(Stored items from a collection)
========================================
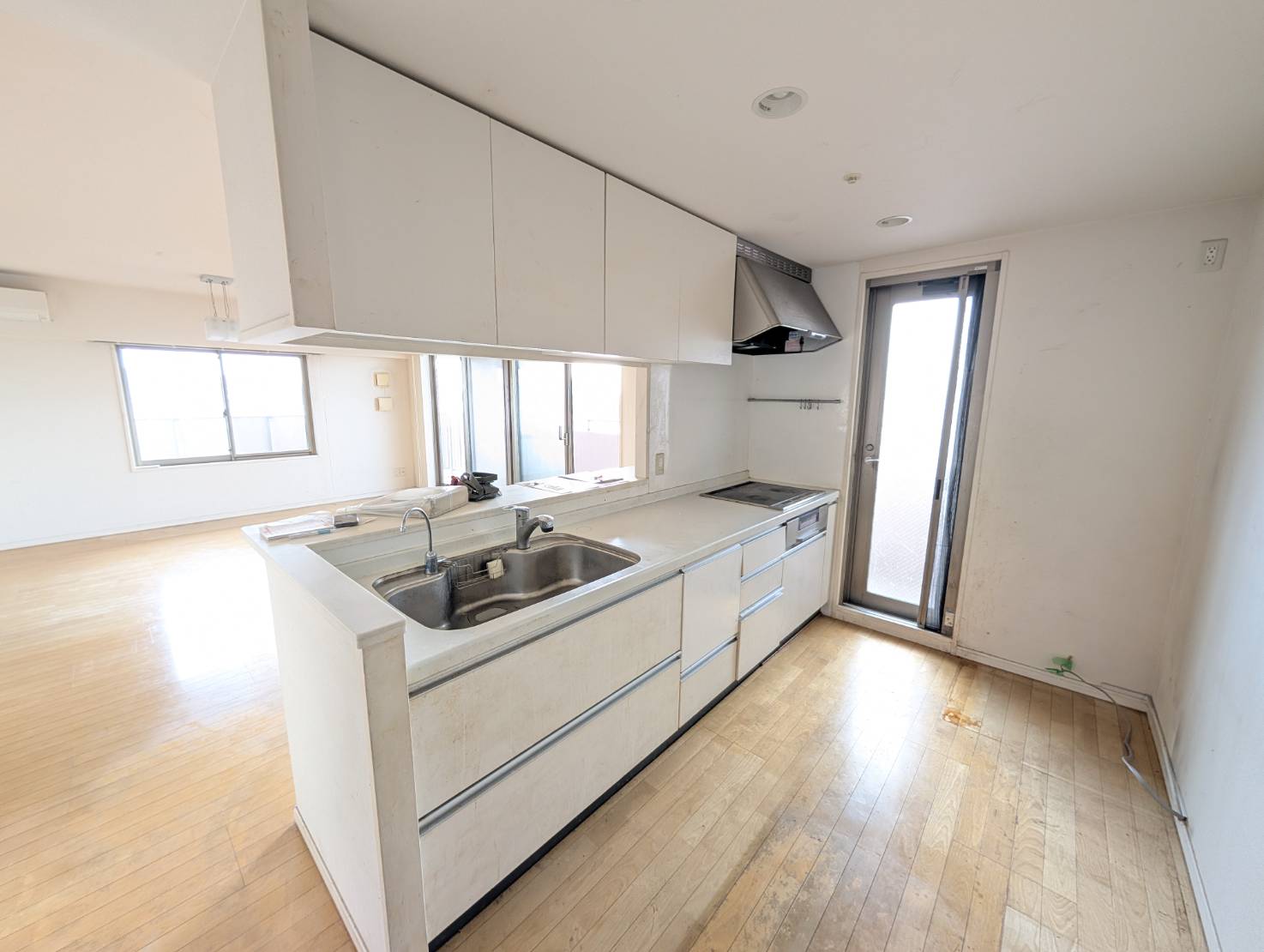 キッチン　改装前のお写真です。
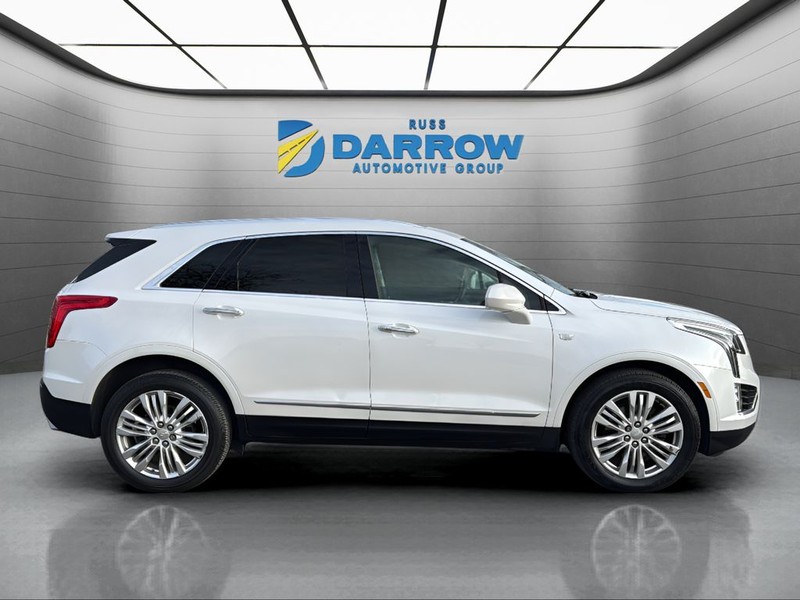 Cadillac XT5 Vehicle Full-screen Gallery Image 6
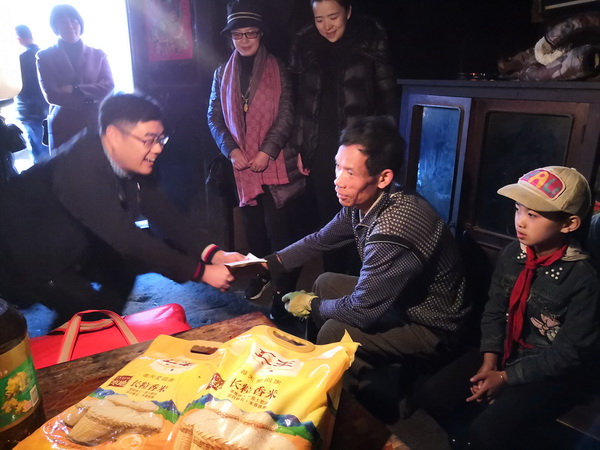  東成文宋&ldquo;暖冬&rdquo;愛(ài)心公益團(tuán)為貧困家庭帶去溫暖與關(guān)愛(ài)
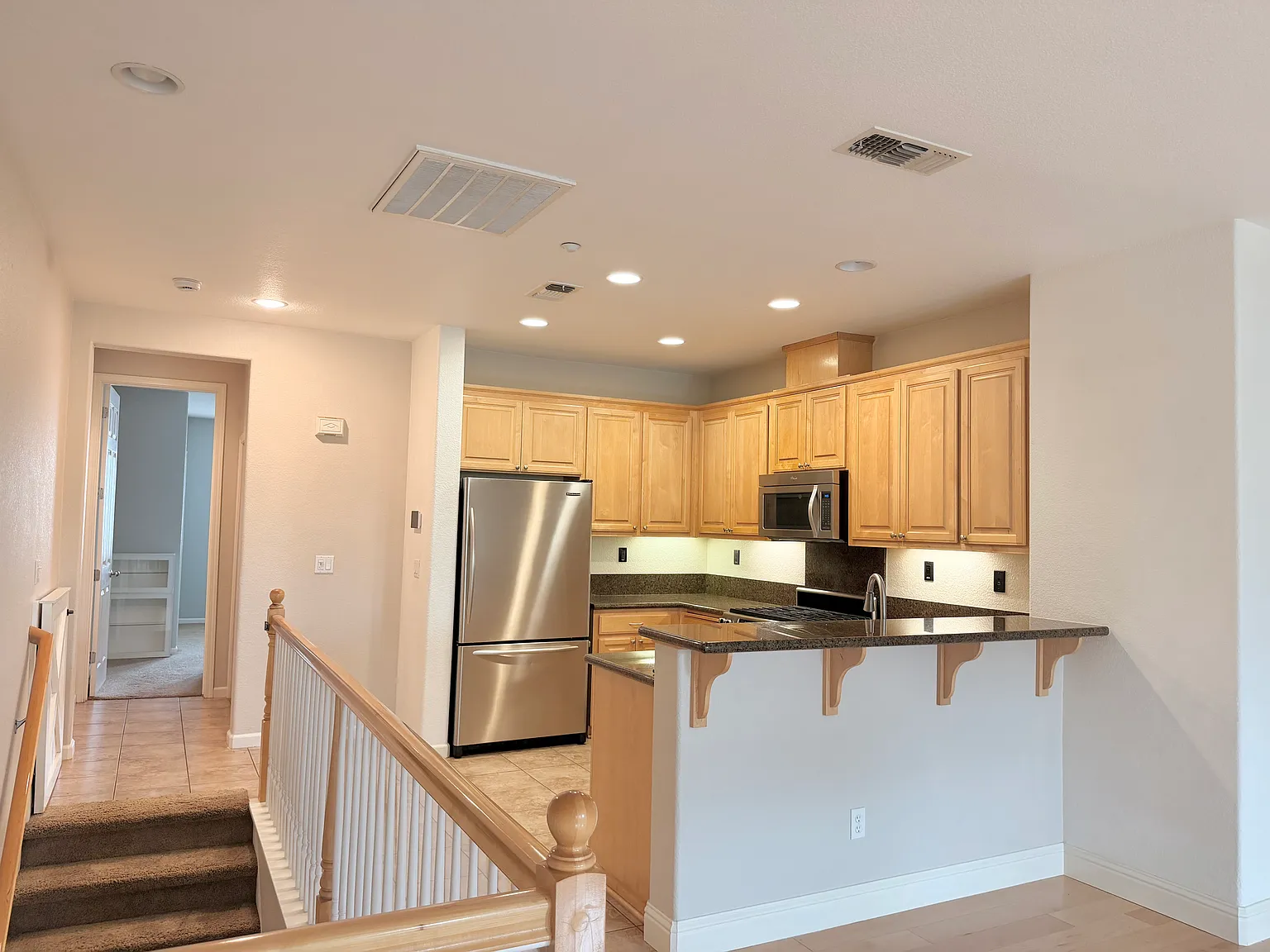 2 bed, 2.5 bath, 1151 sqft, $2,300 — Photo 3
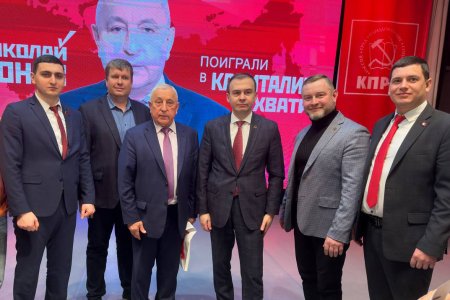Томская делегация побывала на встрече с Николаем Харитоновым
========================================
Every record above should be written out again exactly; the pictures stay out of the copy.

▸ **TASK OUTPUT**:
 キッチン　改装前のお写真です。
 Cadillac XT5 Vehicle Full-screen Gallery Image 6
  東成文宋&ldquo;暖冬&rdquo;愛(ài)心公益團(tuán)為貧困家庭帶去溫暖與關(guān)愛(ài)
 2 bed, 2.5 bath, 1151 sqft, $2,300 — Photo 3
Томская делегация побывала на встрече с Николаем Харитоновым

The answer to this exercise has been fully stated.